> [PROVIDED RECORDS]:
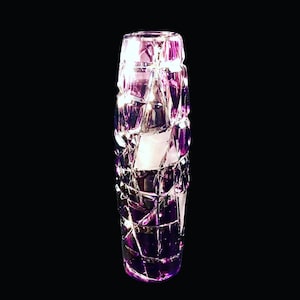 Quality Czech crystal | Caesar crystal bohemiae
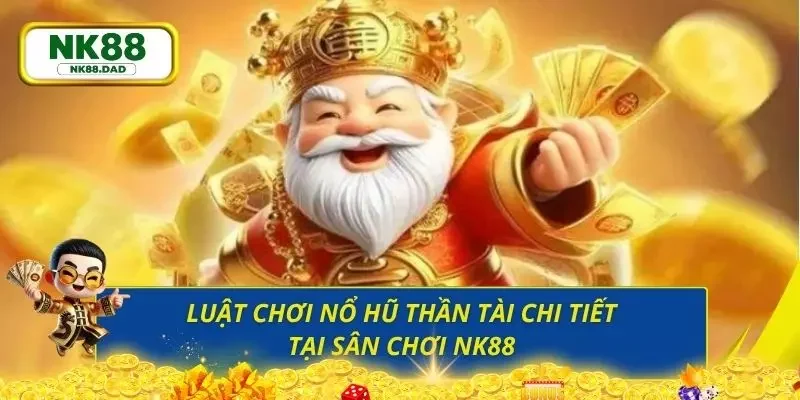 Những luật chơi cơ bản bắt buộc người mới phải nắm rõ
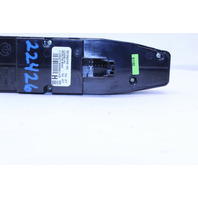 2011-2016 BMW 528i 535i 550i Power Window Switch Left - 61319238240 OEM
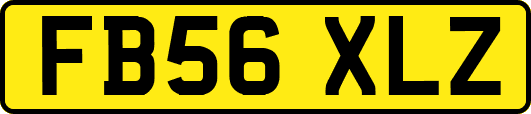 FB56XLZ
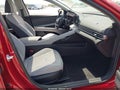 Photo 5 of 18 — 2025 Hyundai Elantra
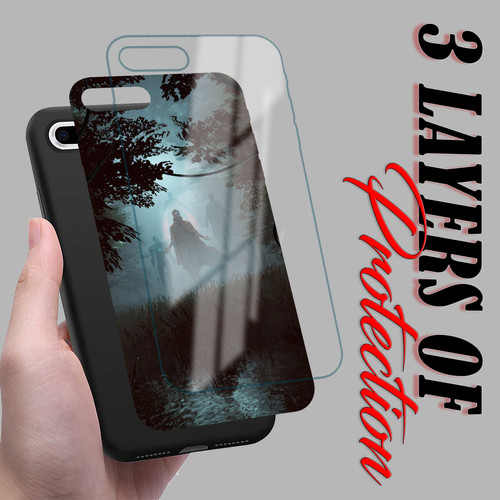 SCARY DOCTOR STRANGE.3L.jpg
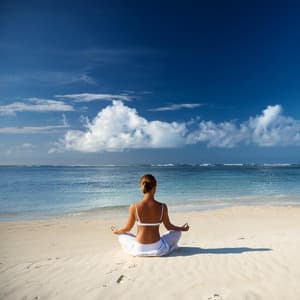 Silencio Interior: Música Profunda Para Meditación - Santuario de Música de Limpieza de Chakras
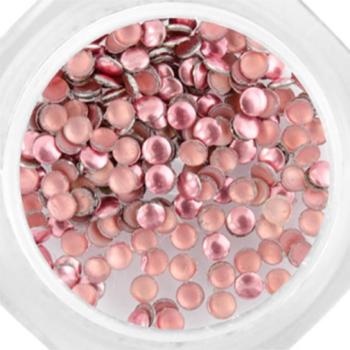 Stud Metal 204 Rose () kép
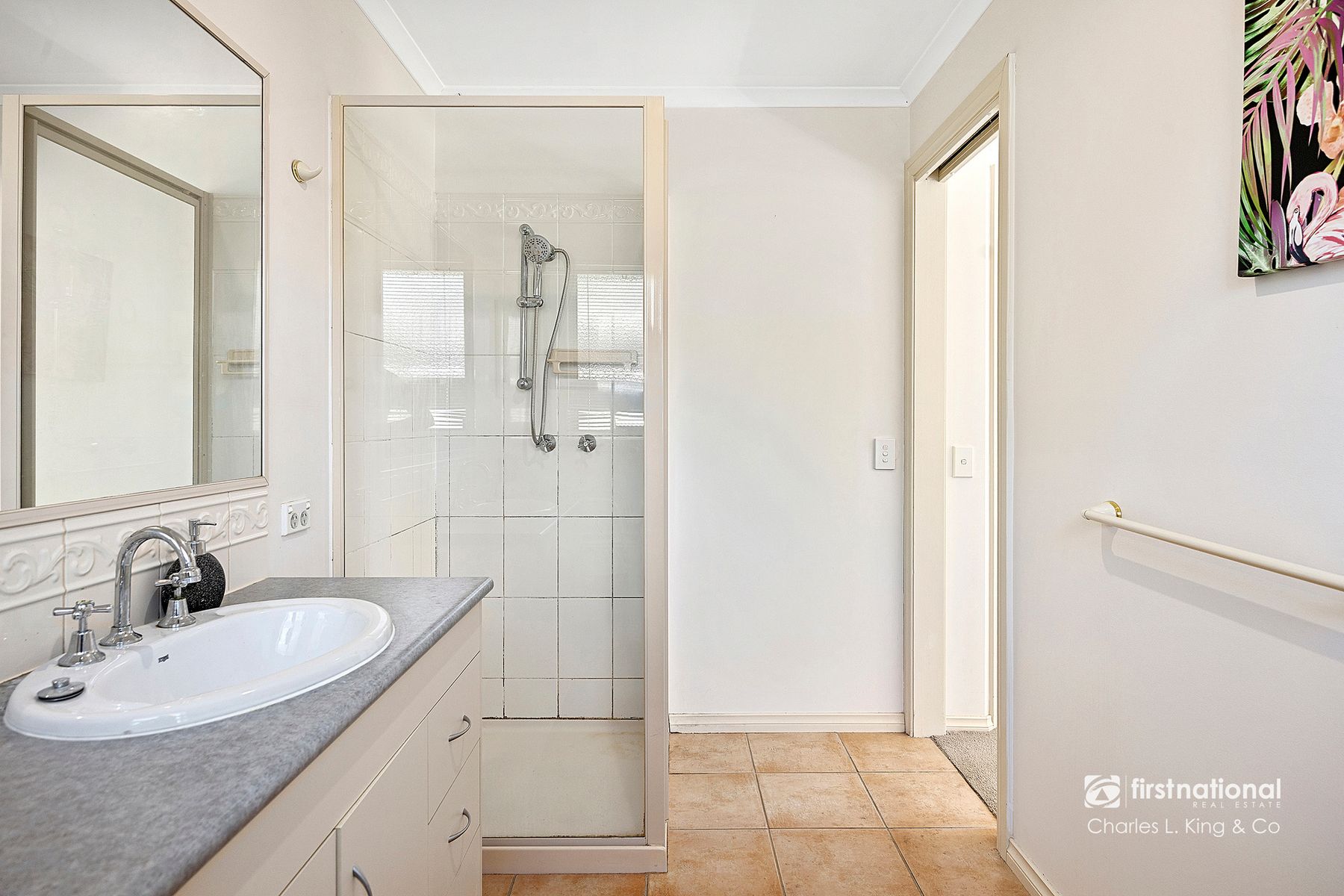 26 Ibis Way, Moama NSW 2731, Moama - Thumbnail 8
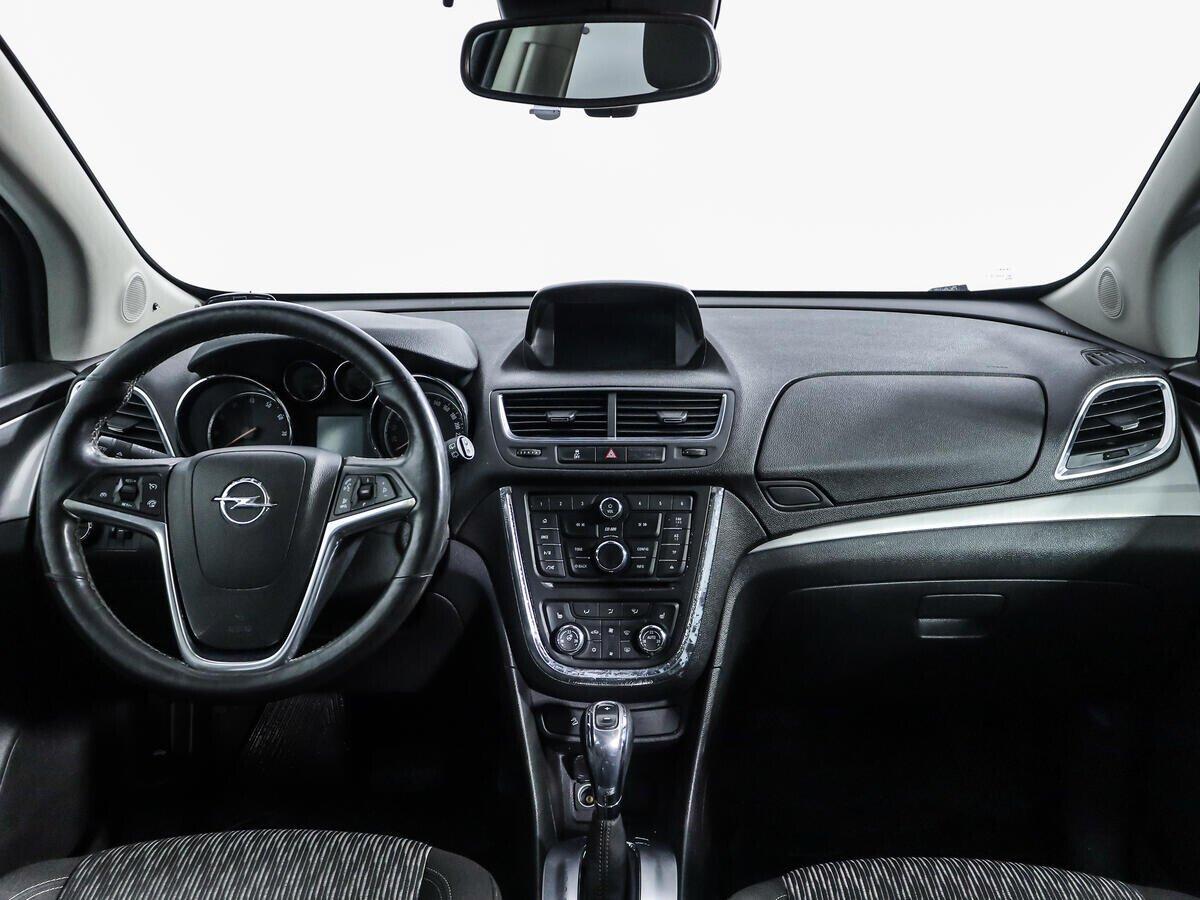 фото автомобиля 7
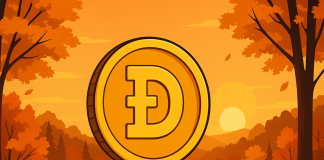 Bullish Window For Dogecoin Opens in November, Analyst Says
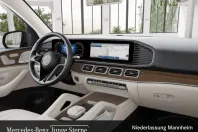 Mercedes-Benz GLE 400 (Clasa GLE) din 2025 cu 15.172 km - oferta MER255341 - foto 1
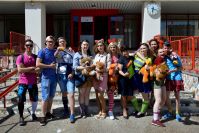 25.05.18_den_detstva_lineyki_6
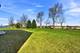 8515 Rosehall, Joliet, IL 60431
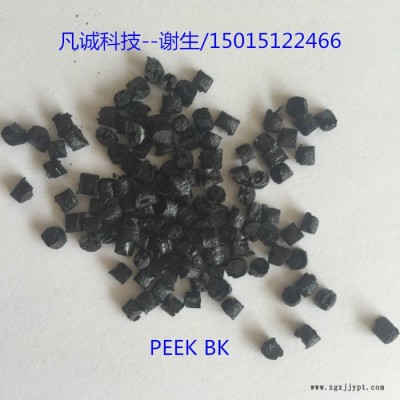 威格斯PEEK 450G 阻燃、耐剝離性塑料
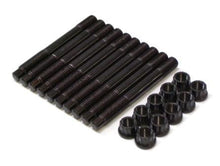 Load image into Gallery viewer, ARP Renault Clio (F4R) Main Stud Kit - 216-5401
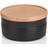 Le Creuset Stoneware Köksbehållare 0.65L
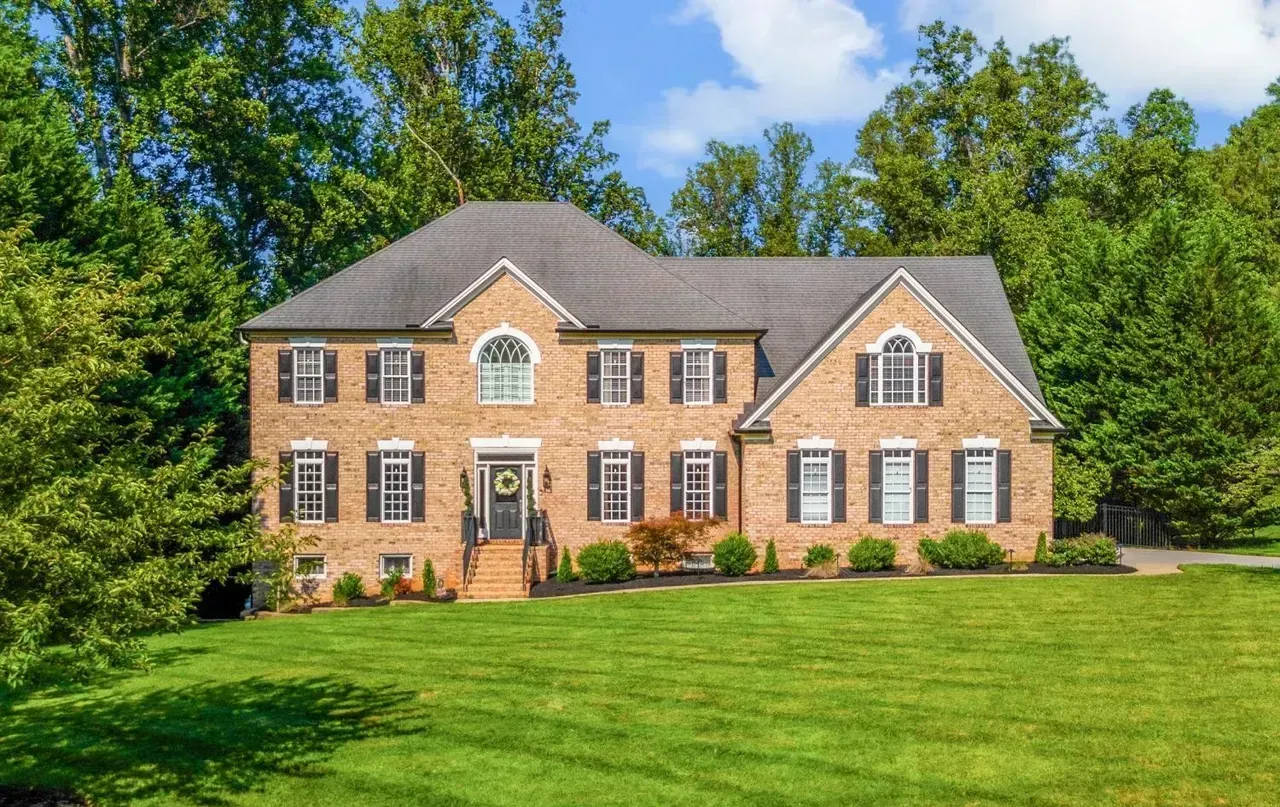 Brick by Brick: Local Property Moves Worth Noting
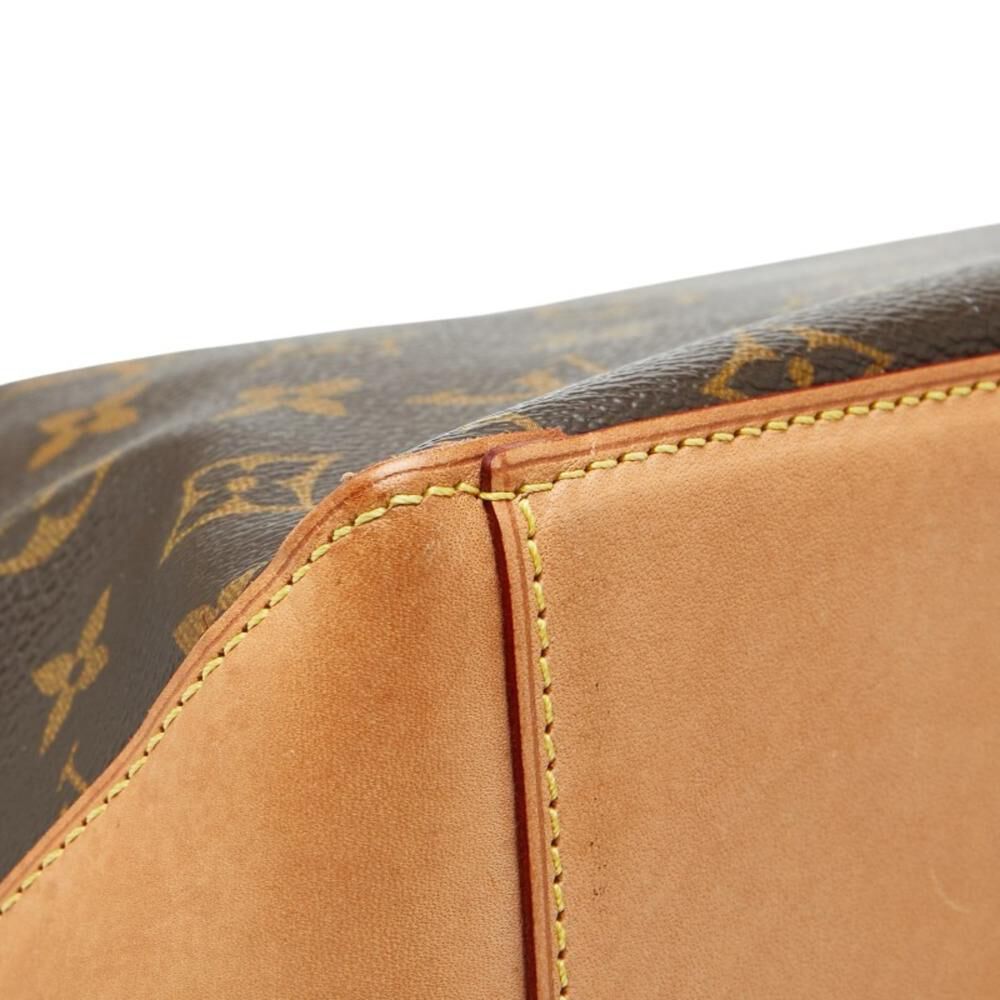 Louis Vuitton Cabas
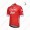 Trek Segafredo Trikot Kurzarm 2018 Radtrikot Kaufen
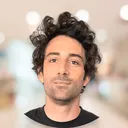 pepe_marquez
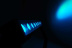 Светодиодная панель ROSS MINI TRI LED BAR 8X3W Светодиодная панель ROSS MINI TRI LED BAR 8X3W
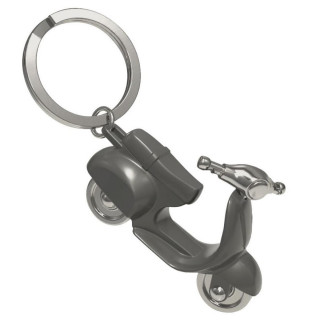 PRIVJESAK ZA KLJUČEVE-METAL- On The Road  - Boys Toys Scooter 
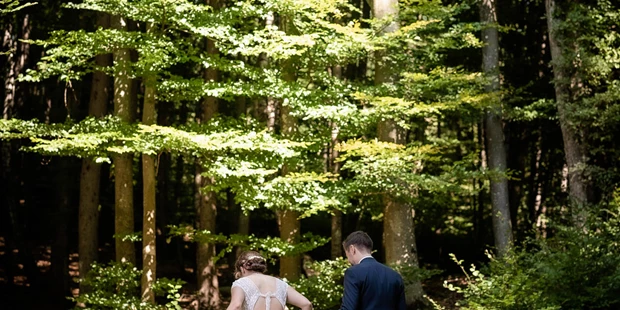 Hochzeitsfotos - Art des Shootings: Hochzeits Shooting - Appenzell - hochzeit fotografin, hochzeit fotograf, hochzeitsfotos, fotograf hochzeit vorarlberg, fotografin hochzeit vorarlberg, hochzeit fotograf vorarlberg, hochzeit fotografin vorarlberg, in vorarlberg heiraten, fotograf für hochzeitsfotos - Daniela Rusch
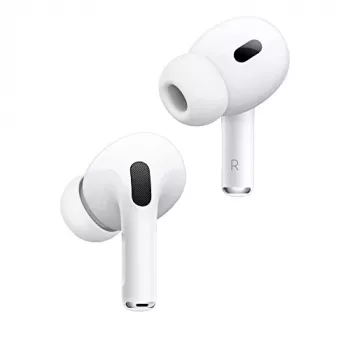 Apple MTJV3ZM/A Toode Valge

> [REQUIRED ACTION]:
From the records above, copy only the lines running from the line containing "Mercedes-Benz GLE 400" to the line containing "Load image into", both ends included. Leave the pictures out.

> [RESULT OF THIS TASK]:
 Mercedes-Benz GLE 400 (Clasa GLE) din 2025 cu 15.172 km - oferta MER255341 - foto 1
 25.05.18_den_detstva_lineyki_6
 8515 Rosehall, Joliet, IL 60431
 威格斯PEEK 450G 阻燃、耐剝離性塑料
 Load image into Gallery viewer, ARP Renault Clio (F4R) Main Stud Kit - 216-5401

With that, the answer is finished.